Bug 1063830

Summary:	remove-brick/add-brick : remove-brick or add-brick can lead to data loss if there are pending self-heals on any of the subvolumes.
Product:	[Red Hat Storage] Red Hat Gluster Storage	Reporter:	spandura
Component:	replicate	Assignee:	Ravishankar N <ravishankar>
Status:	CLOSED EOL	QA Contact:	storage-qa-internal <storage-qa-internal>
Severity:	high	Docs Contact:
Priority:	unspecified
Version:	2.1	CC:	asriram, nlevinki, ravishankar, rhs-bugs, storage-qa-internal, vbellur
Target Milestone:	---
Target Release:	---
Hardware:	Unspecified
OS:	Unspecified
Whiteboard:
Fixed In Version:		Doc Type:	Bug Fix
Doc Text:	Performing add brick or remove brick operations on a volume having replica pairs when there are pending self-heals can cause potential data loss. Workaround: Ensure that all bricks of the volume are up and there are no pending self-heals. You can view the pending heal info using the command `gluster volume heal <volname> info`.	Story Points:	---
Clone Of:		Environment:
Last Closed:	2015-12-03 17:16:45 UTC	Type:	Bug
Regression:	---	Mount Type:	---
Documentation:	---	CRM:
Verified Versions:		Category:	---
oVirt Team:	---	RHEL 7.3 requirements from Atomic Host:
Cloudforms Team:	---	Target Upstream Version:
Embargoed:

Description spandura 2014-02-11 13:45:05 UTC

Description of problem:
=========================
Consider a 3 x 2 distribute-replicate volume. If any of the brick is offline when a distribute subvolume is removed there will be pending self-heals to be performed on the offline brick of the files/dirs migrated from the removed bricks . 

After successful completion of remove-brick operation (start, status 'completed', commit) if the source brick goes offline even before sync brick comes online (connectivity issues) and sync brick comes online creating files/directories from mount point when source brick is offline will result in the data loss (loss of files / directories which got migrated as part of remove-brick operation) . 

Version-Release number of selected component (if applicable):
===========================================================
glusterfs 3.4.0.59rhs built on Feb  4 2014 08:44:13

How reproducible:
================
Often

Steps to Reproduce:
======================
1. Create 3 x 2 distribute-replicate volume.

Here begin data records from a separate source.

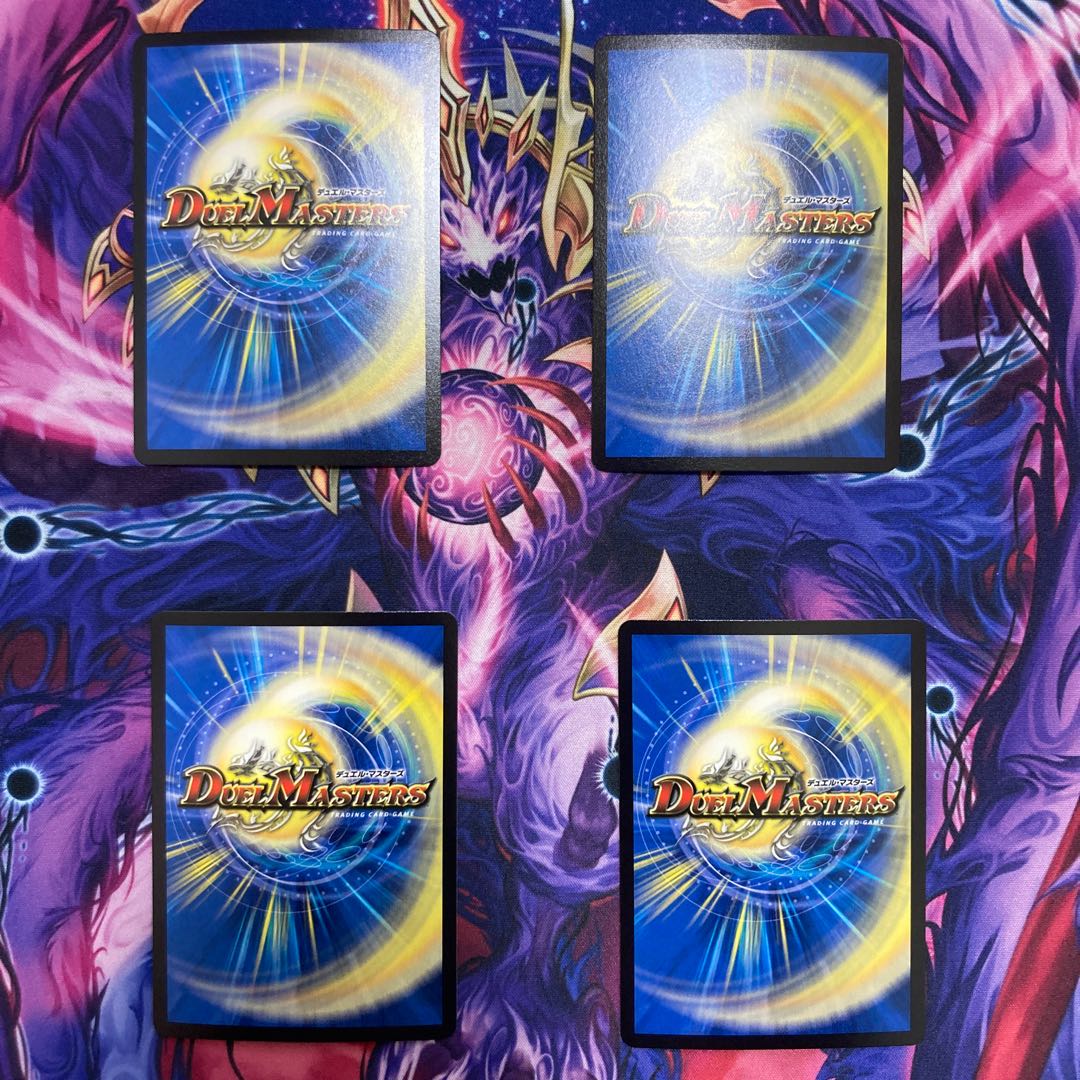 フェルナンド・ソシュール｜プライマル・スクリーム 4枚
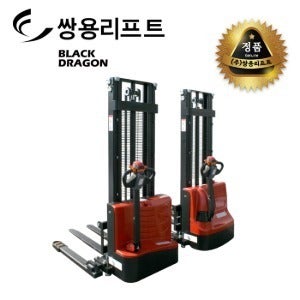 블랙드래곤 지지대 확장형 전동 스태커 1.5톤 /3M CDD-1530W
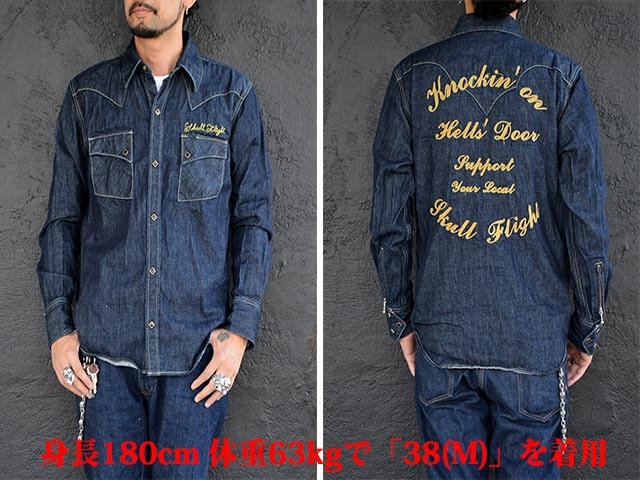 SKULL FLIGHT/スカルフライト】2022SS「Riders Denim Western Shirts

Start the volume. 

2. Create fuse mount. 

3. Bring down brick5 offline. 

4. Create 10 files from mount point. 

5. Bring back brick5 online. 

6. Wait for self-heal to happen

7. Bring brick6 offline.

8. remove the distribute sub-volume-1 from the volume.

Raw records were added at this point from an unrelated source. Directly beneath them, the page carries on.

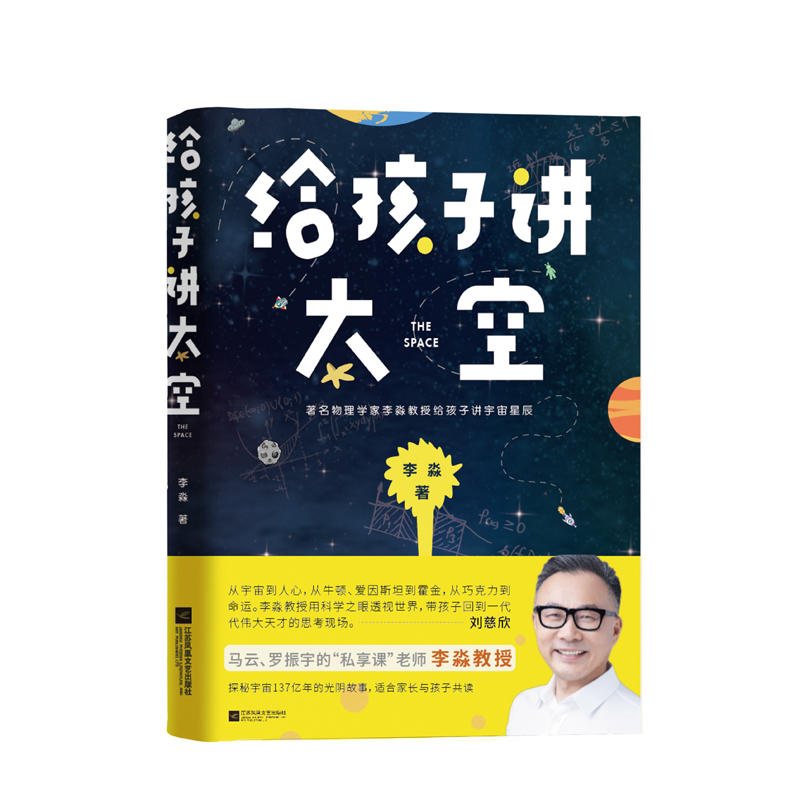 给孩子讲太空——马云、罗振宇的“私享课”老师，物理学家李淼教授探秘宇宙137亿年的光阴故事，适合家长与孩子共读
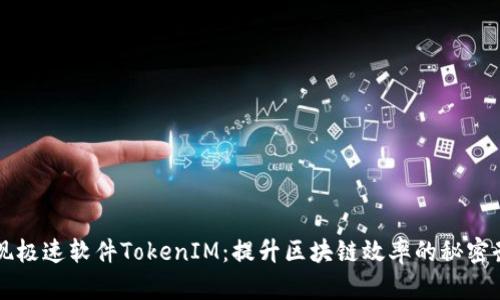 发现极速软件TokenIM：提升区块链效率的秘密武器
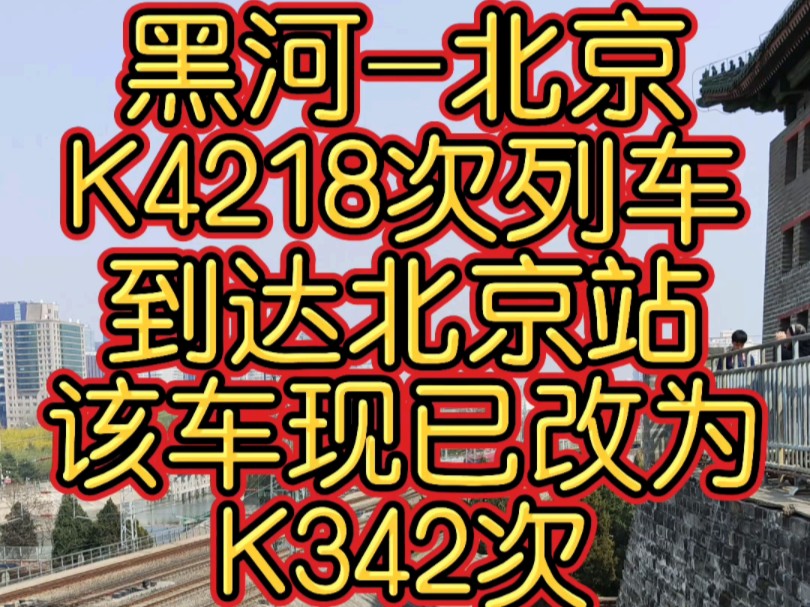 哈尔滨局开行的黑河北京K4218次列车到达北京站.哔哩哔哩bilibili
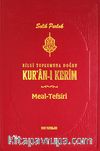 Bilgi Toplumuna Doğru Kur'an-ı Kerim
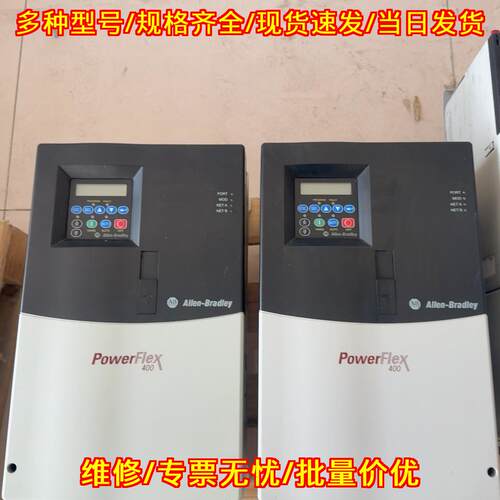 22C-D060A103 22C-D04 AB罗克韦尔变频器 PowerFlex400议价维修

9. Wait for the migration to complete and then commit the remove-brick operation. 

10. Bring brick5 offline.

11. Bring back brick6 online. 

12. create files from mount point. 

13. Bring brick5 online. 

Actual results:
===============
Self-heal happens from brick6 to brick5. All the files migrated to brick5 as part of remove brick operation when brick6 was offline will be lost. 

Expected results:
=================
TBD

Comment 2 spandura 2014-02-12 05:04:26 UTC

Case 2:-
========
Consider a 3 x 2 distribute-replicate volume. If any of the brick is offline when a distribute subvolume is removed there will be pending self-heals to be performed on the offline brick of the files/dirs migrated from the removed bricks.

After successful remove-brick operation , even though the graph has changed and brick5, brick6 now gets client-2 and client-3 afr change-log attributes, Opendir still refers to the previous stale client-4 and client-5 change-log attributes of the brick5 and brick6 and self-heals all the data. 

Steps to Reproduce:
======================
1. Create 3 x 2 distribute-replicate volume. Start the volume. 

2. Create fuse mount. 

3. Bring down brick5 offline. 

4. Create 10 files from mount point. 

5. Bring back brick5 online. 

6. Wait for self-heal to happen

7. Bring brick6 offline.

8. remove the distribute sub-volume-1 from the volume.

9. Wait for the migration to complete and then commit the remove-brick operation. 

10. Bring back brick6 online. 

11. perform "ls -l" from mount point. 

self-heal happens from brick5 to brick6 and the stale change-logs are still referred.

Comment 3 Ravishankar N 2014-02-12 12:32:50 UTC

Case 1 will be fixed with the persistent changelog implementation to be implemented in Denali. But it needs to be documented as a known issue for Corbett.  Hence adding to BZ 1035040. doc text needs to be set.

Case 2 happens if before self-heal, afr_opendir happens for the first time on an inode which triggers a conservative merge. This is the expected behaviour by design.

Comment 4 Shalaka 2014-02-18 08:47:00 UTC

Please review the edited doc text and sign off.

Comment 6 Shalaka 2014-02-19 09:53:06 UTC

Updated as suggested. Please sign off.

Comment 7 Ravishankar N 2014-02-19 10:07:50 UTC

Looks good to me.

Comment 10 Vivek Agarwal 2015-12-03 17:16:45 UTC

Thank you for submitting this issue for consideration in Red Hat Gluster Storage. The release for which you requested us to review, is now End of Life. Please See https://access.redhat.com/support/policy/updates/rhs/

If you can reproduce this bug against a currently maintained version of Red Hat Gluster Storage, please feel free to file a new report against the current release.